DATA SHOWN:
- - - - -
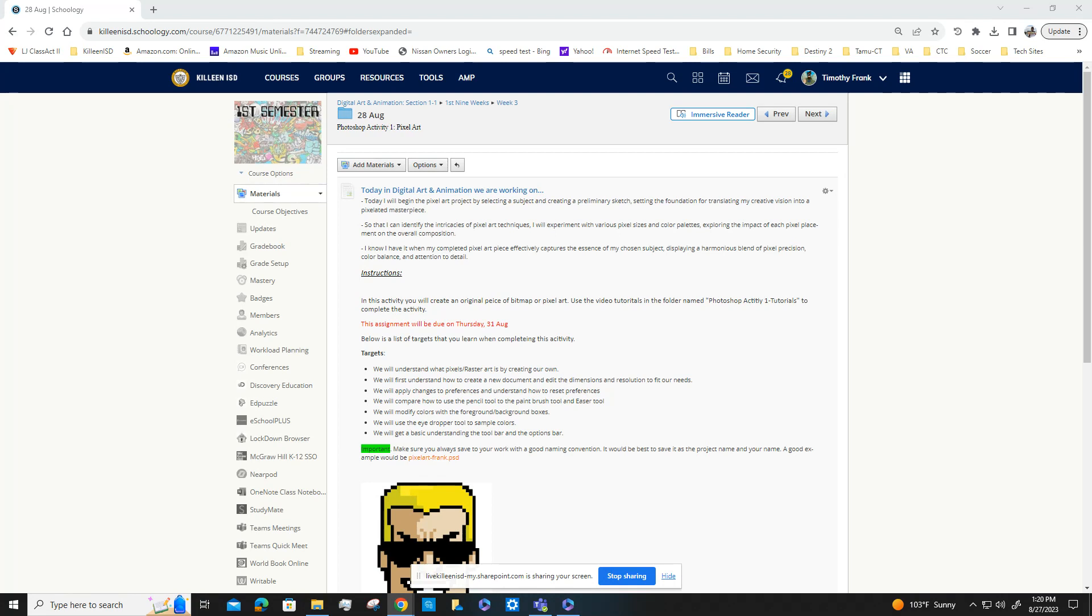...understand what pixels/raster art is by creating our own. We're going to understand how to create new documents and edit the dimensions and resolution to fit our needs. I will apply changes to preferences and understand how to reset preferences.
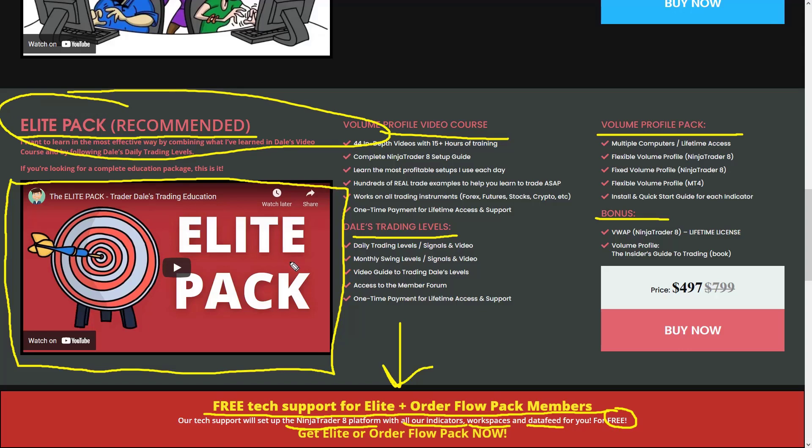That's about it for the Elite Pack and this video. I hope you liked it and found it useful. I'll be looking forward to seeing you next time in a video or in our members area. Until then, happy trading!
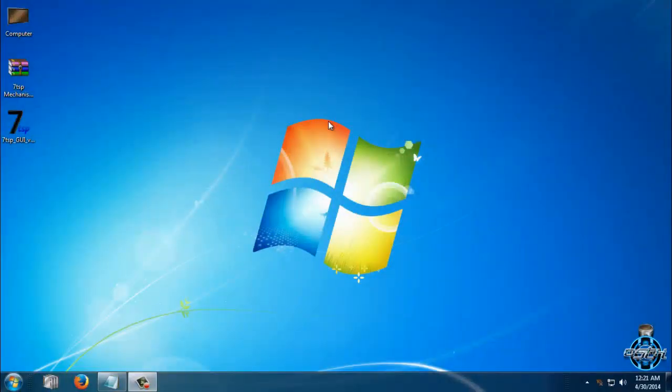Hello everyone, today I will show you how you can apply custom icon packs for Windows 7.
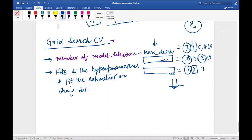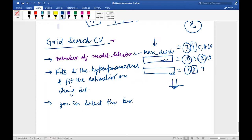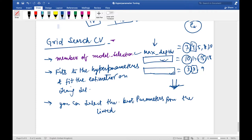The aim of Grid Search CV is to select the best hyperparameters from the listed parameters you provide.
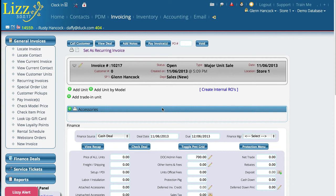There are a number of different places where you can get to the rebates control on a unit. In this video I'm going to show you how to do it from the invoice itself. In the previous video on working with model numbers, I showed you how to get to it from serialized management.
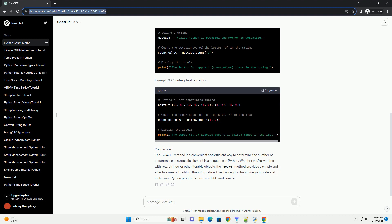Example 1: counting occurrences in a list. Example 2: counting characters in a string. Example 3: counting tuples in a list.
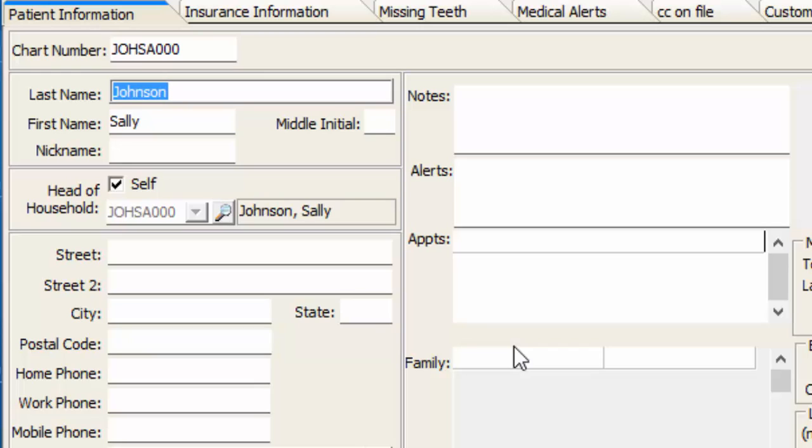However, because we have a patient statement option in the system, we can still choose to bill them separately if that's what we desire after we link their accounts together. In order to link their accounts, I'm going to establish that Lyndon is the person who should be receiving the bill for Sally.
- - - - -
WHAT TO WORK ON:
Leaving out the pictures, restate word for word the lines above from the one containing "The aim of Grid" through the end of the records, both ends included.

EXERCISE OUTPUT:
The aim of Grid Search CV is to select the best hyperparameters from the listed parameters you provide.
There are a number of different places where you can get to the rebates control on a unit. In this video I'm going to show you how to do it from the invoice itself. In the previous video on working with model numbers, I showed you how to get to it from serialized management.
Example 1: counting occurrences in a list. Example 2: counting characters in a string. Example 3: counting tuples in a list.
However, because we have a patient statement option in the system, we can still choose to bill them separately if that's what we desire after we link their accounts together. In order to link their accounts, I'm going to establish that Lyndon is the person who should be receiving the bill for Sally.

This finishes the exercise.